E’ capitato ripetutamente a questo giornale, a molti di noi, sviluppando analisi critiche rispetto al quotidiano procedere delle forze di sinistra al governo o all’opposizione, di essere assimilati a cronici malpancisti, incapaci di sufficiente realismo politico per cogliere, in chi si ritrovava, a sinistra, a dover operare e non solo a parlare, un solido filo di coerenza fra azione concreta e impegni programmatici dell’azione di governo.

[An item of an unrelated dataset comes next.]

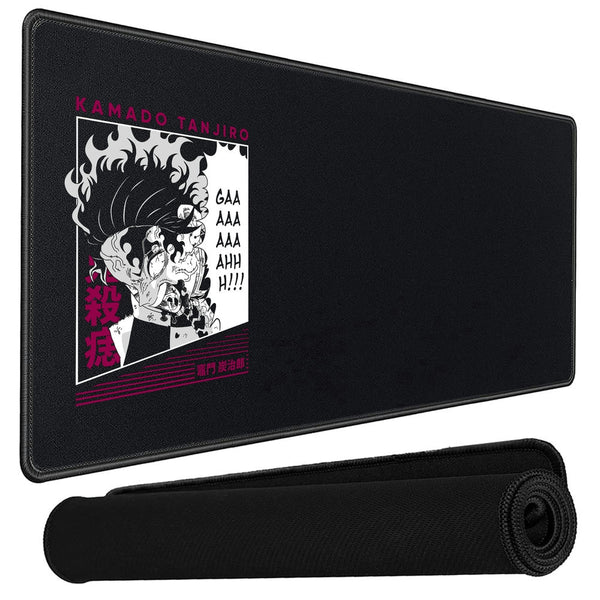Laptop Skin - Anime Tanjiro DS2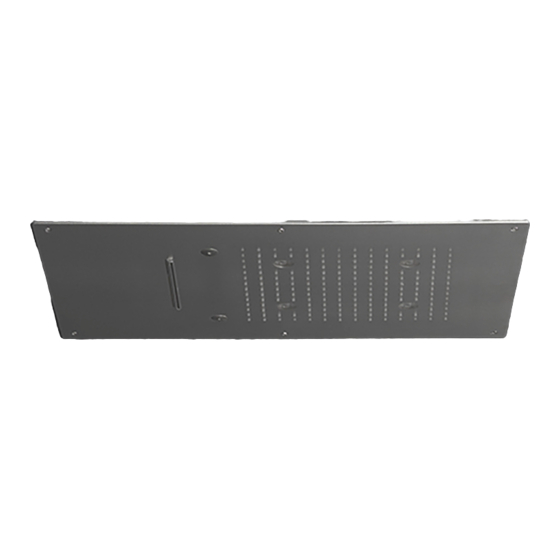 CEA AQC27 Manual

Adesso che tutto quello che rivendicavano i forti poteri corporativi che dettano le coordinate e i tempi alle politiche provinciali, spesso con immediato successo, è stato in pratica concesso: la sagra dei caroselli impiantistici ne è eloquente fotografia; adesso che continua la pressione perché altre concessioni corporative come la Val d’Astico e l’aeroporto, trovino spazio negli impegni della giunta provinciale, svolgere una funzione critica, una denuncia serrata, può essere definita critica alla Sinistra, o critica ad una politica di destra, subita e accettata dalla Sinistra o da una sua parte consistente?

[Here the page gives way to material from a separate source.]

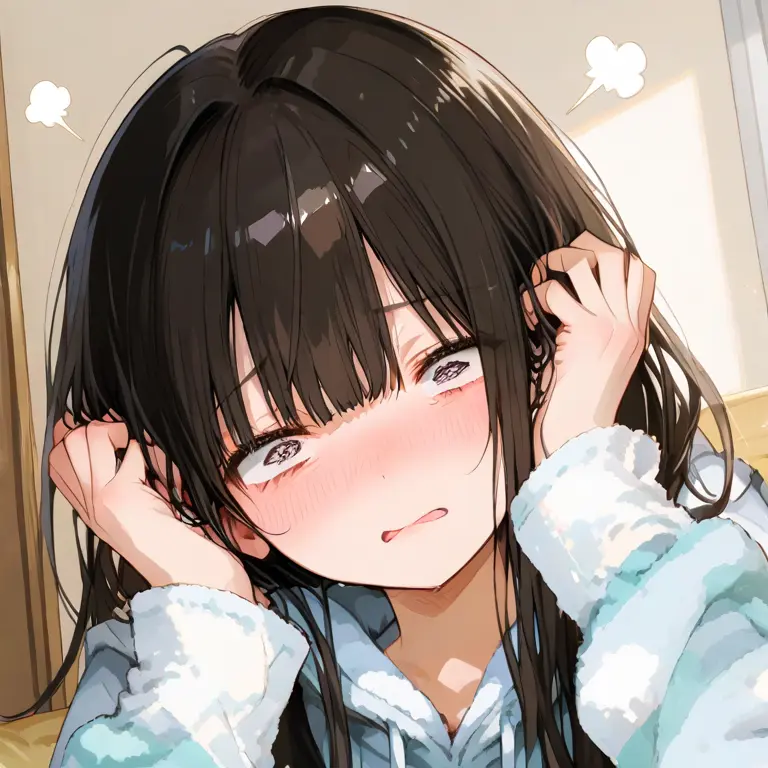 I-RED의 心の中で悶絶するブラコンお姉ちゃん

Abbiamo un modello di sviluppo (ce lo conferma lo studio recentissimo dell’Università di Trento sulle dimensioni dell’impronta ecologica nel Trentino), in base al quale consumiamo il doppio, il triplo, il quadruplo delle risorse che abbiamo a disposizione, sottraendole o alle generazioni che verranno dopo di noi o ai popoli costretti a svendere le loro per sopravvivere un giorno di più. La sinistra tace ai tavoli di governo dove si decide, per parlare (non sempre) nelle tavole rotonde, dove si evoca solo quello che sarebbe giusto e importante fare per dare un futuro al Trentino e al pianeta. Anche qui nel Trentino, quando sviluppiamo le nostre critiche, molto probabilmente non lo facciamo ad una politica di sinistra, ma alla sinistra che non si distingue più dalla destra.

Tutti assieme appassionatamente contro Berlusconi? Non credo che lo slogan funzionerà, se non si darà nerbo, ragione, profilo, soprattutto coerenza quotidiana ad un’azione politica che distingua nel governo dei Comuni, delle valli, della Provincia, le rivendicazioni dei naturali supporters delle politiche berlusconiane, da quelle del centro-sinistra; se la contesa sarà solo tra chi è più abile a sollecitare egoismi e interessi locali e poi a soddisfarli distribuendo, fin che saranno disponibili, le risorse di tutti, in un voto di scambio che non può essere meno immorale qui, nel profondo Nord, solo perché praticato o sollecitato da uomini e gruppi della sinistra o del centro-sinistra, da quello che era ed è se praticato dai vecchi notabilati del profondo Sud.